Leo en Facebook que la lectura convierte a las niñas en mujeres más fuertes y comento en esta red social esta sentencia pedagógica que, en principio, está bien porque no es el momento de debatir que hay libros cuya lectura podría atrofiar el cerebro de las niñas. Pero aceptemos que las niñas leen y se hacen más fuertes.

Obviamente, esta fortaleza será intelectual pero no influirá sustancialmente en su fortaleza física.

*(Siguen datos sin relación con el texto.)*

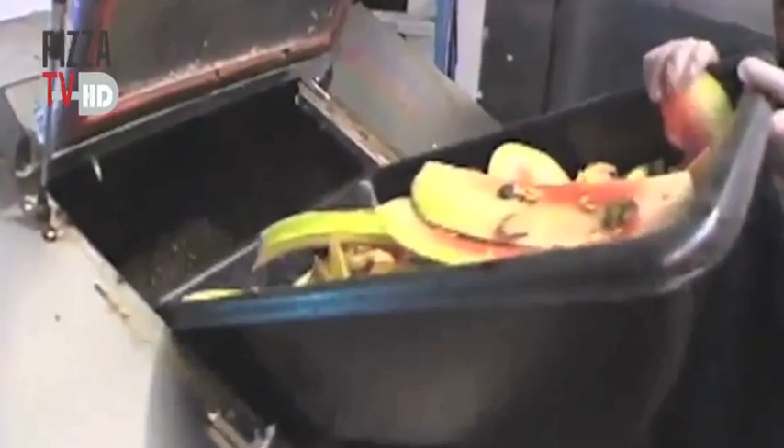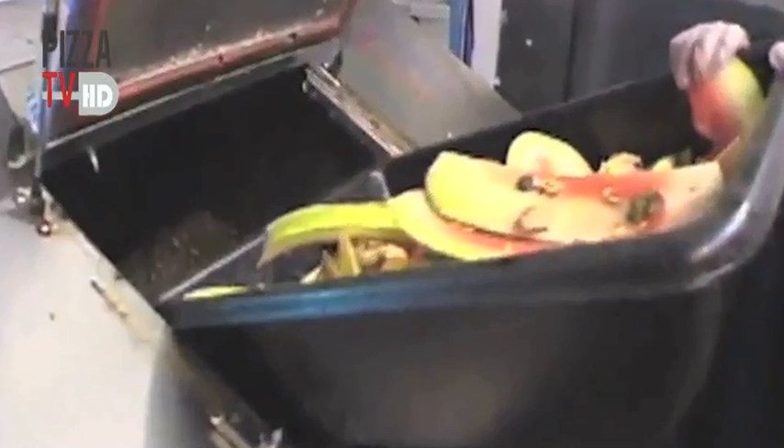Yes, this is a product which you can put food waste into — dough, tomatoes, any food scraps — into the machine, and through microorganisms it breaks it down.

Si queremos que las niñas sean fuertes y, por supuesto, los niños también, lo realmente recomendable es que se inscriban en algún curso de artes marciales, que les va a dar seguridad física y, por añadidura, seguridad psicológica.

Tres o cuatro años, por ejemplo, de clases de kárate en el colegio convierten a una niña físicamente tímida en una niña que se atreve a plantar cara a niñas y a niños.

Un deporte suplementario -por ejemplo, baloncesto, donde incluso nunca falta algún entrenador sabio que les enseña a las niñas a poner zancadillas porque el exceso de bondad no es bueno en ninguna edad de la vida- remata la educación física tan necesaria en una sociedad en la que los niveles de violencia de género alcanzan cifras auténticamente espeluznantes. Que, sin salir de España, donde cada semana es asesinada una mujer y ciento veinte mil mujeres, presentan anualmente denuncias por malos tratos, demuestra que la enseñanza de artes marciales en los colegios es de primera necesidad.

Y después, claro está, vienen las buenas lecturas.